▶ [Required work] Repeat the lines from the line with "50 Pack Vintage" to the line with "Nike Big Boys" in the listing below, keeping both end lines and adding nothing.

▶ [The data]
• • • • • • •
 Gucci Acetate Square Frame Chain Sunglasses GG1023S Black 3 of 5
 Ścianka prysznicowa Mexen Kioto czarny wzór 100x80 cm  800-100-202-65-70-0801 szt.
• • • • • • •
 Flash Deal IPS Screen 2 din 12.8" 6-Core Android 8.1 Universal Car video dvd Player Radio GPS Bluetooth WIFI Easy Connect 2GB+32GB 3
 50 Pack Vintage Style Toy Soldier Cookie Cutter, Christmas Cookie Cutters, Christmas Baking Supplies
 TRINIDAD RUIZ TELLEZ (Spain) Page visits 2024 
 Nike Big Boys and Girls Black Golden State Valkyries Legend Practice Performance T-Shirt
• • • • • • •
▶ [Task output]
 50 Pack Vintage Style Toy Soldier Cookie Cutter, Christmas Cookie Cutters, Christmas Baking Supplies
 TRINIDAD RUIZ TELLEZ (Spain) Page visits 2024 
 Nike Big Boys and Girls Black Golden State Valkyries Legend Practice Performance T-Shirt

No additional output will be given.